▶ Short web captions:

___

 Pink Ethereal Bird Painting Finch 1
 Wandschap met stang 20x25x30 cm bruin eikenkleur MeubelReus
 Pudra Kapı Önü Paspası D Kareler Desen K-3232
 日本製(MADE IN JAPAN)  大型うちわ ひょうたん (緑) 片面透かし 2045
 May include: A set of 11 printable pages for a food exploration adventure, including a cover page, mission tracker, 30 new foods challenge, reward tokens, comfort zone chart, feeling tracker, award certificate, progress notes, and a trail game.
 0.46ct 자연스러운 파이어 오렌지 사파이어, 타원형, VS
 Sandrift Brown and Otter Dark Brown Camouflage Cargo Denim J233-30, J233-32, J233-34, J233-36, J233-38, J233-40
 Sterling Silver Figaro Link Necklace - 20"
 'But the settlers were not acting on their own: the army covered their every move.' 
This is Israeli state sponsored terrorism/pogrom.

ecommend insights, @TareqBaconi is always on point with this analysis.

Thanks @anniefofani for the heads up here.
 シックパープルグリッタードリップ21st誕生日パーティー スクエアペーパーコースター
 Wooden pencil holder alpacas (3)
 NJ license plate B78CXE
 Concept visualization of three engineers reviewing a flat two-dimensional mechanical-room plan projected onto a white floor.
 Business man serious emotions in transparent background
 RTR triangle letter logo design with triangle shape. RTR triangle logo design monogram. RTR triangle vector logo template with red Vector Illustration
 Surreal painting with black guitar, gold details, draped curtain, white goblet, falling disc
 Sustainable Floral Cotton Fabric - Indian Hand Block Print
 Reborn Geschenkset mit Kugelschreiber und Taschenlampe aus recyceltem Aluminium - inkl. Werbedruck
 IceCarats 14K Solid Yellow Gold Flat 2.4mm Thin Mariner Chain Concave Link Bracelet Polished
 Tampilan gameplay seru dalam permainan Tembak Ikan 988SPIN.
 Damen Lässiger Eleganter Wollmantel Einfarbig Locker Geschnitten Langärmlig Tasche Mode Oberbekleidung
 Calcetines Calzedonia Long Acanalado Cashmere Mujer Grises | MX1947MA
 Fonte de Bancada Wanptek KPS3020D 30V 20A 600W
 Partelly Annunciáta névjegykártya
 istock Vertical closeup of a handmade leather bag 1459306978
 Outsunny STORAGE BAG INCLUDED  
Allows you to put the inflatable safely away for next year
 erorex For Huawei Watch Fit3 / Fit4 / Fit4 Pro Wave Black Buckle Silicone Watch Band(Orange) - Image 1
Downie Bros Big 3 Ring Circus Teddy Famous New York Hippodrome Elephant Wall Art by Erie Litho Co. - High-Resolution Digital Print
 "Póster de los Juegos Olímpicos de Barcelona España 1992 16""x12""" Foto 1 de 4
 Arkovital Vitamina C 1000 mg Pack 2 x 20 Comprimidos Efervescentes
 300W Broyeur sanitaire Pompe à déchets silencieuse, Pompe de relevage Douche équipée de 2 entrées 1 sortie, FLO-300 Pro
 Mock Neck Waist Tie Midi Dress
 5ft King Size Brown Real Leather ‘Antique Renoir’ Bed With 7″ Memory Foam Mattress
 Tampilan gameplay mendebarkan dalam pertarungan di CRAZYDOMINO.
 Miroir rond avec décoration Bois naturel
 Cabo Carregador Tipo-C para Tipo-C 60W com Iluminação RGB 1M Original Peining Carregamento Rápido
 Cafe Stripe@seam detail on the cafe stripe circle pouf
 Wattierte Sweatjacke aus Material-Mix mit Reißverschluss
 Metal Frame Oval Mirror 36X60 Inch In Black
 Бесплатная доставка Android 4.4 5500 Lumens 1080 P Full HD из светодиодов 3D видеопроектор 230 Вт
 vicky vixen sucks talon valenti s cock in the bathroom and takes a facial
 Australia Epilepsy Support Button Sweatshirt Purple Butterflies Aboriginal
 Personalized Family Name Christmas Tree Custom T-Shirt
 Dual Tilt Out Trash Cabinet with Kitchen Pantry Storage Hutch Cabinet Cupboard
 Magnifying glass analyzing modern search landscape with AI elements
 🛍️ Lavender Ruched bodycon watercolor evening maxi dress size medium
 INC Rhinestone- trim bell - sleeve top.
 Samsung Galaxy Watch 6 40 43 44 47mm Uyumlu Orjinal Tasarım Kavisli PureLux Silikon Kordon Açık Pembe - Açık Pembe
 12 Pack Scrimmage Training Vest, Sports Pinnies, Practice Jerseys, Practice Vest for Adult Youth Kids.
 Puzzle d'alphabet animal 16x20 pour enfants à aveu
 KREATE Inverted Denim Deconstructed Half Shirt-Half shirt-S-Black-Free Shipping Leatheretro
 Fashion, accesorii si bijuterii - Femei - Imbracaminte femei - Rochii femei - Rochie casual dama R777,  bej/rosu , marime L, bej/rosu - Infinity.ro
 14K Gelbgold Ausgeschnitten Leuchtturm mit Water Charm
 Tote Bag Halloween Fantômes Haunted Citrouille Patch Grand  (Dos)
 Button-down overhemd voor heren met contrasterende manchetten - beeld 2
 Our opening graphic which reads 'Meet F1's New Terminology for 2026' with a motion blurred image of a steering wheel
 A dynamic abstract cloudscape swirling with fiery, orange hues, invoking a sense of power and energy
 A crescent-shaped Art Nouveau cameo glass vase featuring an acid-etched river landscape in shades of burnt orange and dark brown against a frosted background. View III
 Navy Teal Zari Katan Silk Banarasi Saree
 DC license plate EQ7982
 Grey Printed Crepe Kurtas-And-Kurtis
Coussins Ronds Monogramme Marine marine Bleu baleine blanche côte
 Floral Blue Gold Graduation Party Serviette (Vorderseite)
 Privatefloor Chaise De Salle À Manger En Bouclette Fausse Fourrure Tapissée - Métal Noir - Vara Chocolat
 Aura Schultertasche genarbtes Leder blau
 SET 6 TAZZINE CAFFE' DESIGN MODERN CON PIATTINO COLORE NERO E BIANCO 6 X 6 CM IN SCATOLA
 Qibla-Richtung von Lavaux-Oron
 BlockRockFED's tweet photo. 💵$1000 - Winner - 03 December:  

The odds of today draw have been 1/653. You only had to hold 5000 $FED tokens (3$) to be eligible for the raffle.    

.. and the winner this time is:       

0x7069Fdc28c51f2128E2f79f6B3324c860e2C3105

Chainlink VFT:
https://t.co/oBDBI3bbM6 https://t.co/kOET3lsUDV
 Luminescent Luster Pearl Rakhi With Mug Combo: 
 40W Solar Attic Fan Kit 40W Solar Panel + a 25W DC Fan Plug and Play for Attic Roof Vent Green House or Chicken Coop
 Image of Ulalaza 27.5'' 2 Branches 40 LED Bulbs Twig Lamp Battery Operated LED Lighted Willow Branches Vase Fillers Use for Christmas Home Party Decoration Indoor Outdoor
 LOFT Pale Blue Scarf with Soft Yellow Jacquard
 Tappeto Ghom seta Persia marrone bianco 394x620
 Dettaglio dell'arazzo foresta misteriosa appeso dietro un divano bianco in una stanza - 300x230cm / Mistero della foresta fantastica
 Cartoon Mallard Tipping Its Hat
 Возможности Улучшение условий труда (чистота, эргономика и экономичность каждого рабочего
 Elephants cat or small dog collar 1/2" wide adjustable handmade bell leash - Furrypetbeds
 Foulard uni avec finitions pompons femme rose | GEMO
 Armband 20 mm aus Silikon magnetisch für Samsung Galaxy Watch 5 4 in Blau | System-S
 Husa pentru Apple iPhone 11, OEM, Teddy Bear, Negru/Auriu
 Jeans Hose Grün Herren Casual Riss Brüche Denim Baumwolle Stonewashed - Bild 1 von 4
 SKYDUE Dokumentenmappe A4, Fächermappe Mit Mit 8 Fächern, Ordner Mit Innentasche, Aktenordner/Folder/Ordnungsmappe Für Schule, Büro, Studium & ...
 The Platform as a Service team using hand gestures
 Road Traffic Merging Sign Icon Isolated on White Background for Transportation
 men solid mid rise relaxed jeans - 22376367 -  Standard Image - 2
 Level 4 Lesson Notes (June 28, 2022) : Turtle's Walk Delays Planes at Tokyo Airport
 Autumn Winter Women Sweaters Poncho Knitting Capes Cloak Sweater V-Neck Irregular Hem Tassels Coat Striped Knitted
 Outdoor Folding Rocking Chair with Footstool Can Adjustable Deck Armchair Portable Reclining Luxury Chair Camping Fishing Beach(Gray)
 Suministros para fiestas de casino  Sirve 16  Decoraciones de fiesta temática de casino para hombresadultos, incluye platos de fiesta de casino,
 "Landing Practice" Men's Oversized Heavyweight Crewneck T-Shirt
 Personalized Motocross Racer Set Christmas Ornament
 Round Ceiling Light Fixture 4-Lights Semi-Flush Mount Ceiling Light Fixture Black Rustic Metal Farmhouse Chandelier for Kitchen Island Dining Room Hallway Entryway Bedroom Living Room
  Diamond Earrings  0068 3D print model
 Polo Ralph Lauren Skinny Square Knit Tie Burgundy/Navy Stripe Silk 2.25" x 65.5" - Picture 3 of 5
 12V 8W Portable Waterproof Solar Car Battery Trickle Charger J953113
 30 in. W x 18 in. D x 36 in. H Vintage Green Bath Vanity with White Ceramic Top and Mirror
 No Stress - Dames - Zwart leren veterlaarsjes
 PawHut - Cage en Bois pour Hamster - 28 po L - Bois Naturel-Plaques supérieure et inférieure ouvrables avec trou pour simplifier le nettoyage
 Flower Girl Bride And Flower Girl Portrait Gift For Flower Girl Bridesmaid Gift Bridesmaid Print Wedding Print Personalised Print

___

▶ EXERCISE DIRECTIONS:
In the data above, retype exactly and only the lines between the one holding "Personalized Motocross Racer" and the one holding "Round Ceiling Light", inclusive.

▶ EXERCISE RESULT:
 Personalized Motocross Racer Set Christmas Ornament
 Round Ceiling Light Fixture 4-Lights Semi-Flush Mount Ceiling Light Fixture Black Rustic Metal Farmhouse Chandelier for Kitchen Island Dining Room Hallway Entryway Bedroom Living Room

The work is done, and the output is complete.